Tuesday, August 24, 2010

First Day of School

As most of you are now aware, I have some paranoia issues. And OCD. And probably a good dose of ADD thrown in for good measure. At any rate, I'm also married to a man that has yet to be run off by my...quirks...and takes my panic attacks about various situations (mostly imagined, but could totally possibly be real & happen, so it totally counts as legitimate!) in stride. Usually he's very supportive & understanding.

However, sometimes he doesn't fully grasp the severity of the potential threat about which I'm panicking, and thus ends up being snarky and sarcastic instead of supportive. I guess no one's perfect. Anyway, today was the kids' first day of school. They are now 7th & 10th graders. Every year since they've started school, I was able to either walk them to the bus stop, or when they got too "old" to be escorted, I would watch obsessively from our kitchen window to make sure they did indeed get on the bus and not kidnapped by crazy puppy & candy-weilding ninjas intent on abducting my children and throwing them into the back of a rape van so they could be sold off into slavery never to be seen or heard from again.

Seriously, there are times where I cannot sleep at night because of the horrific things I imagine happening to them, all because I was too lazy or falsely secure in my feeling they were safe to watch them physically get on the bus. And would that be any comfort to them while they are being repeatedly drugged & tortured in some dirty, smelly shack? NO, it most certainly would not.
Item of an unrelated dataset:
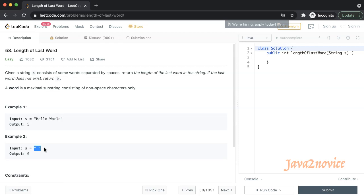One of the assumptions is the input string only contains spaces and English letters, no other characters.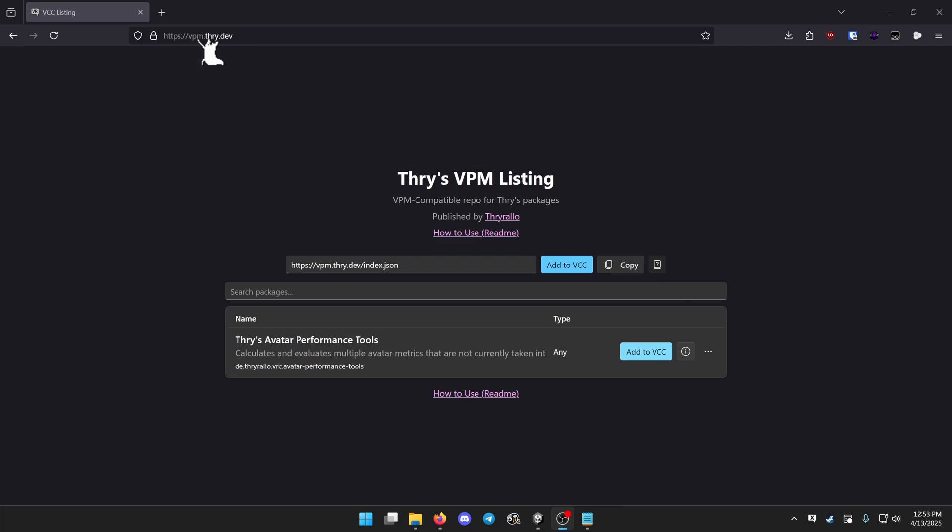First off, head to vpm.thry.dev, which is also in the video description. Click this blue button, add to VCC.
Nevermind the fact that the bus stop is literally 10 steps from our door. Or that even if I did see puppy & candy-weilding ninjas abducting my kids, I'd still be too far away to stop them. Or the fact that both my kids are black belts. Or that my 13 year old son is bigger than some of the 16 year olds in our neighborhood, and that my 15 year old daughter dresses like such a freak I'm fairly certain most folks in the area are afraid of her. It could happen, and that's all that's needed to get me all worked up and incapacitated at the thought of losing my children.

Anyway, this year, because of my crazy commute to work, I was unable to perform my annual task of making sure they weren't kidnapped and sold into slavery of some sort. However, my beloved husband reassured me that he would take over this duty and be ever diligent to make sure they made it on the school bus safely. I went to work, my mind at ease in knowing my husband (who is also a 2nd degree black belt, thus much more capable of catching and disabling any potential ninja kidnappers) had taken me seriously and would prevent any wrong doing from happening. I should have noticed him rolling his eyes...

So, I go to work this morning, and upon opening my email, I received this from my dear spouse:

"The kids are off to school. Both got on their busses okay and only had to fight off 2 or three waves of puppy and candy wielding kidnapper ninjas before doing so. Here is a picture I made for you to remember the kids first day of school this year! Have a Superwonderful day!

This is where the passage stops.